Cable / Telecom News

Bragg, Rogers, talking system-swap


TORONTO – Rogers Communications and Bragg Communications are in discussions on potential system swaps, Cartt.ca has learned.

A source with direct knowledge of the talks said late Wednesday on condition of anonymity that the two companies are negotiating a deal in which the primary assets exchanged would be Bragg’s Delta Cable and Coast Cable systems in southern B.C. (and potentially some of EastLink’s other operations in Western Canada, too) in exchange for Rogers’ systems in St. John’s, Corner Brook and Gander, Nfld.

The deal would certainly make sense for Bragg’s EastLink cableco since it owns many small systems throughout Newfoundland & Labrador already (and almost all of PEI and Nova Scotia) and the basic cable technology used at EastLink and Rogers’ Newfoundland is based on the Motorola platform, making integration relatively easy from that standpoint.

While Bragg is a private company that doesn’t release subscriber figures, we know from prior system sales that Rogers’ Newfoundland operations have approximately 80,000 customers. That’s about the same number as Delta Cable (about 38,000), Coast Cable (~14,000) and the largest Bragg Alberta system, in Grande Prairie (~25,000), combined.

Bragg’s western operations, which are still run under the Persona brand (EastLink purchased Persona in 2007), also serves 141 small communities in Alberta, 13 in B.C. (not including Delta and Coast) and 25 Manitoban small towns.

Bragg also recently sold off its systems in Saskatchewan, perhaps signalling it would like to get out of the west altogether.

Such a move for Rogers would give it a new toehold in Western Canada in a lucrative BC market (Delta) right beside Shaw Communications and could certainly be construed by observers as a swing back at Shaw, which recently purchased Hamilton Ontario’s Mountain Cablevision, which borders on Rogers territory.

Shaw has also shown its desirous of the Delta territory since, as reported by Cartt.ca, it has begun overbuilding in the region.

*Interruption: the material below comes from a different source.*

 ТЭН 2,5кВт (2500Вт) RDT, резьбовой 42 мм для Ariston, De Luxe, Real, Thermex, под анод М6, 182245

That purchase by Shaw, which won an auction of the system over Rogers, triggered a short-lived court battle (chronicled here by Cartt.ca) that revealed a near decade old non-compete clause where the companies appeared committed to stay out of each other’s geographic cable footprint until 2011. The CRTC approved the $300-million Mountain purchase last week, a buy which nudged Shaw past Rogers in terms of the size of their cable operations, as counted by basic subs, 2.33 million to 2.29 million.

More to come on this developing story.